→ WHAT IS EXPECTED
Repeat only the stretch of lines below that runs from the line with "Women Casual High" through the line with "DodiOnline Set of", unaltered.

→ EXTRACTED INFORMATION
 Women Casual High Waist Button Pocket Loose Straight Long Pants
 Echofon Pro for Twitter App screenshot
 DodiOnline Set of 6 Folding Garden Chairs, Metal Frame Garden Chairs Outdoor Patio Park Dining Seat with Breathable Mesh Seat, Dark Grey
...
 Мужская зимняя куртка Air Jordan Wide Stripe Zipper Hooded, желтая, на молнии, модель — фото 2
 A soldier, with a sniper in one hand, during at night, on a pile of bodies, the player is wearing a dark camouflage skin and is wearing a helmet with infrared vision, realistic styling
* * *
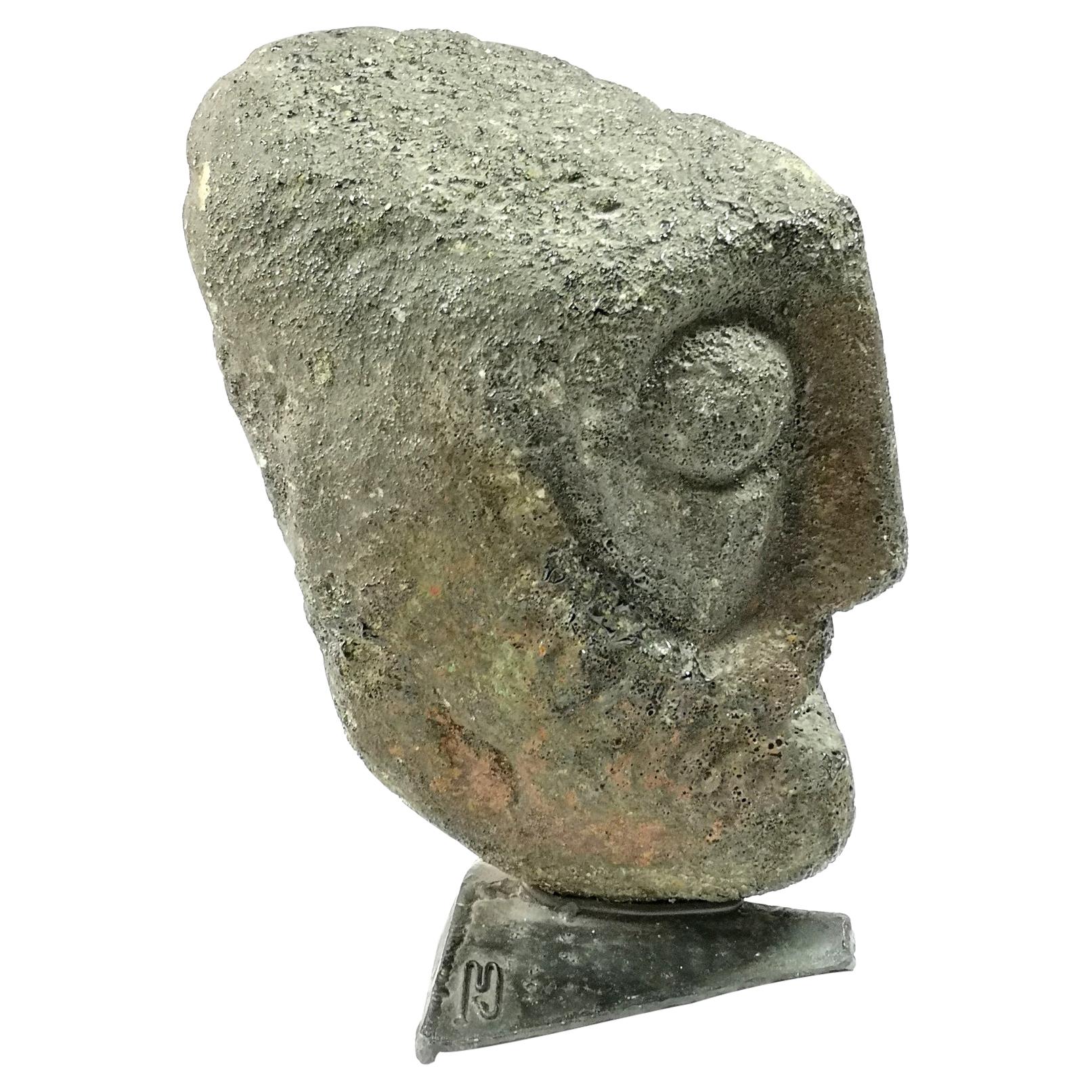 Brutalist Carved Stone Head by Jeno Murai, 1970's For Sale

→ ANSWER BELOW
 Women Casual High Waist Button Pocket Loose Straight Long Pants
 Echofon Pro for Twitter App screenshot
 DodiOnline Set of 6 Folding Garden Chairs, Metal Frame Garden Chairs Outdoor Patio Park Dining Seat with Breathable Mesh Seat, Dark Grey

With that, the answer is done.